There is a tremendous amount of history in the WSOP-E despite its short tenure. The inaugural WSOP-E Main Event saw the youngest ever WSOP bracelet winner, Annette Obrestad, pick up her first bracelet one day shy of her 19th birthday. In 2008, the final table of the Main Event featured Ivan Demidov, who became the first (and, so far, only) person to make the final table of the Main Event in Las Vegas and Europe in the same year. Demidov’s feat was joined by the crowning of John Juanda as the champion of the Main Event.

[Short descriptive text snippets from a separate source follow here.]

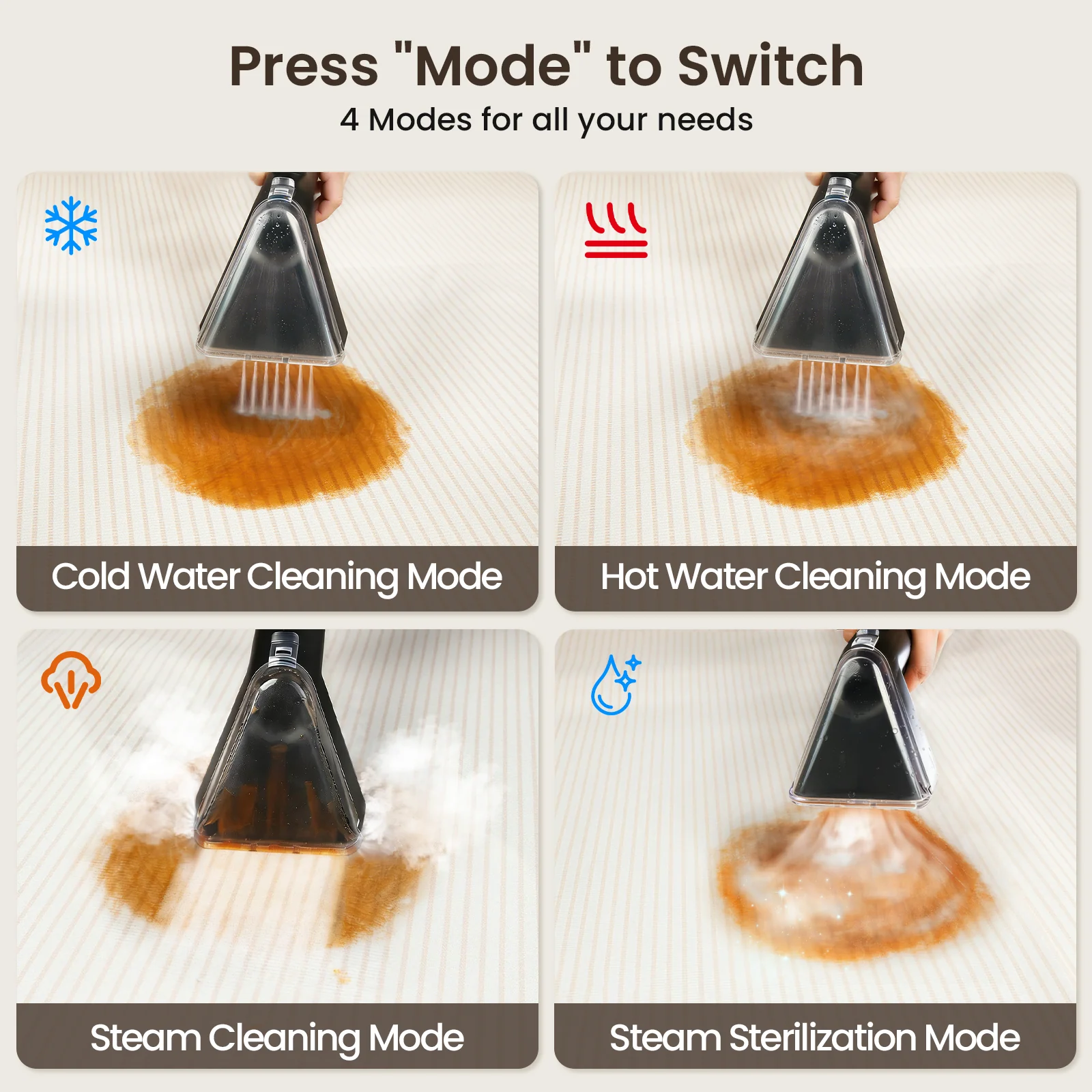 Steam Carpet Cleaner with 18KPa Deep Steam Cleaning, Portable Upholstery Cleaner Machine for Kitchen, Sofa, Pets Stains, Carpet, Car, with 10 Pcs Steam Cleaning Tool Set - Image 4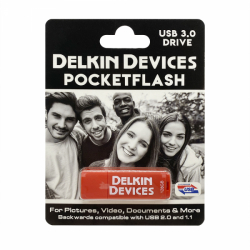 product Delkin USB 3.0 Flash Drive 128GB PocketFlash 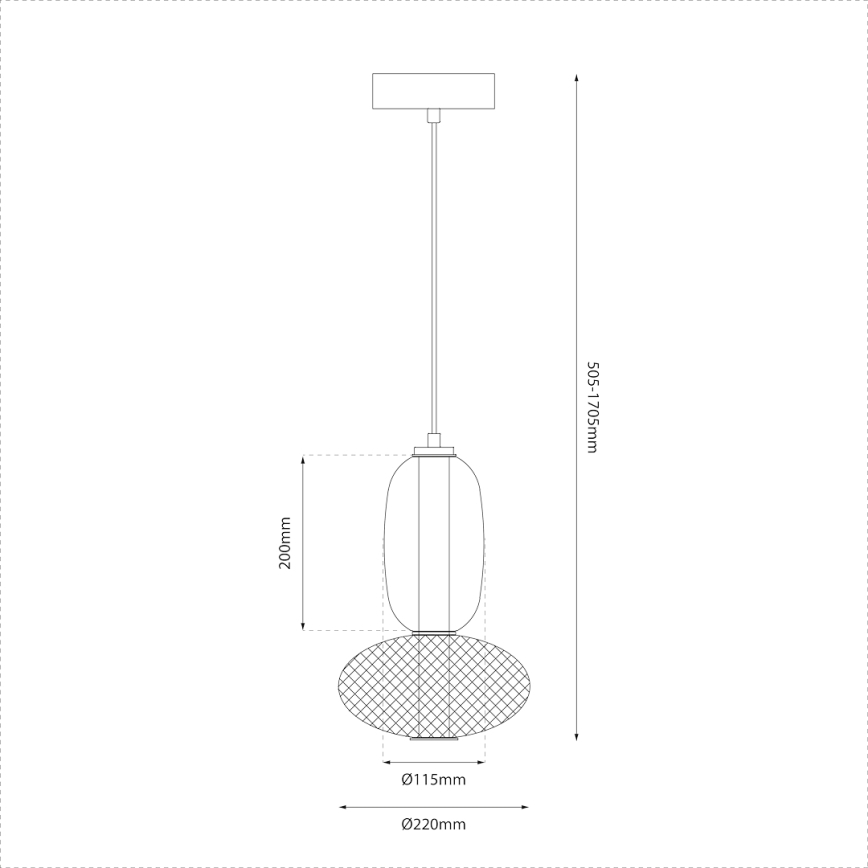 LED Luster na sajli ARAME LED/15W/230V pr. 22 cm crna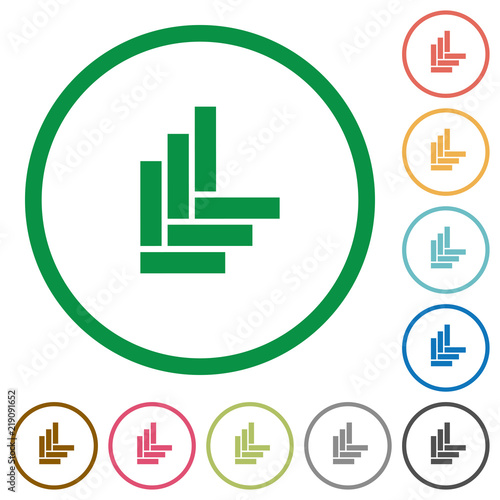 Parquet pattern flat icons with outlines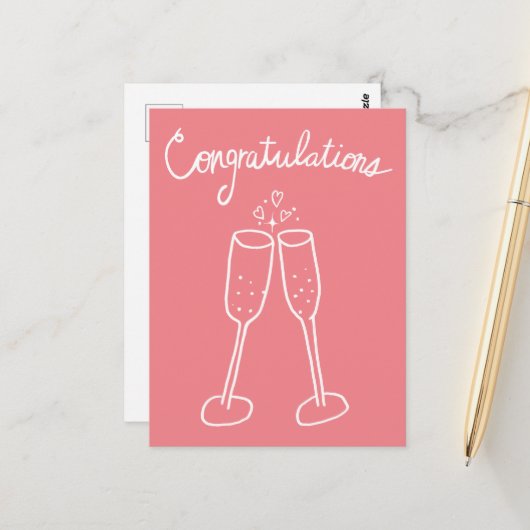 Gefeliciteerd Champagne Proost Schets Krabbelteken Briefkaart (Voorkant / Achterkant in situ)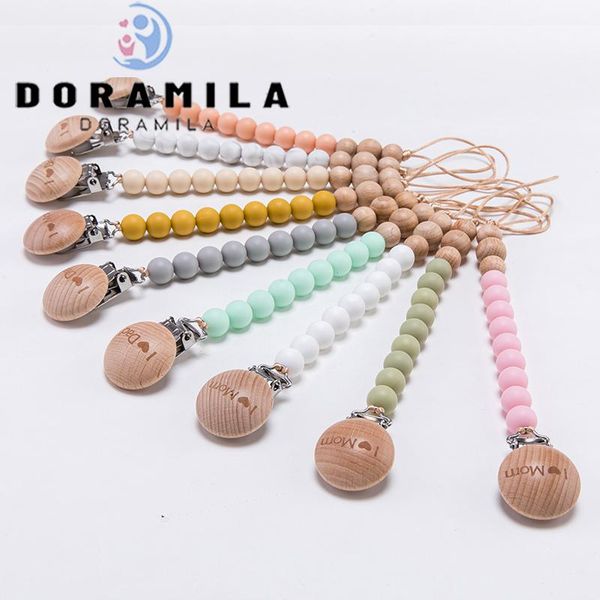 

pacifiers# 1pc baby pacifier clip chain wooden holder soother clips love mom nipple for infant bottle chains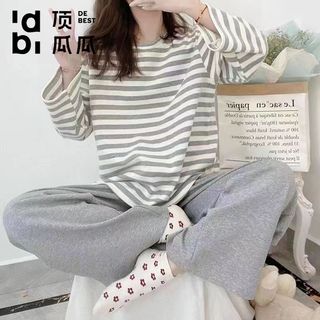 顶瓜瓜 睡衣女士春秋季长袖纯棉冬天100%全棉大码家居服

In 2009, a stirring battle between (now) Poker Hall of Famer Daniel Negreanu and CardPlayer Magazine owner Barry Shulman was the highlight of the WSOP-E. After five hours of heads-up play, Shulman was eventually able to defeat Negreanu to capture his second WSOP bracelet. 2010 would see the U. K.’s James Bord take down the WSOP-E Main Event championship in front of his countrymen.

In 2011, the WSOP-E decided to hit the road. Going from the Casino at the Empire in London to the Majestic Barriere Cannes and the Le Croisette Barriere in Cannes, seven bracelets were awarded as Elio Fox stopped Chris Moorman from taking his first WSOP bracelet. 2012 would be a historic year as Phil Hellmuth became the first player to win both the WSOP Main Events in Las Vegas and in Europe and, in 2013, Adrian Mateos picked up his first WSOP bracelet in defeating Fabrice Soulier for the crown.

At the end of 2013, it was announced that the WSOP-E and its international counterpart, the WSOP Asia/Pacific, would alternate years instead of being contested each year. The WSOP Asia/Pacific would take the even-numbered years and the WSOP-E would take the odd-numbered years. Thus, the WSOP-E would not be contested until 2015, when it was moved to the Spielbank Berlin in Germany. Kevin MacPhee defeated a 313-player field to win the bracelet that year.

What memorable events will be etched into the history books from the trip to the Czech Republic? It will all unfold beginning on October 19 when the World Series of Poker Europe starts.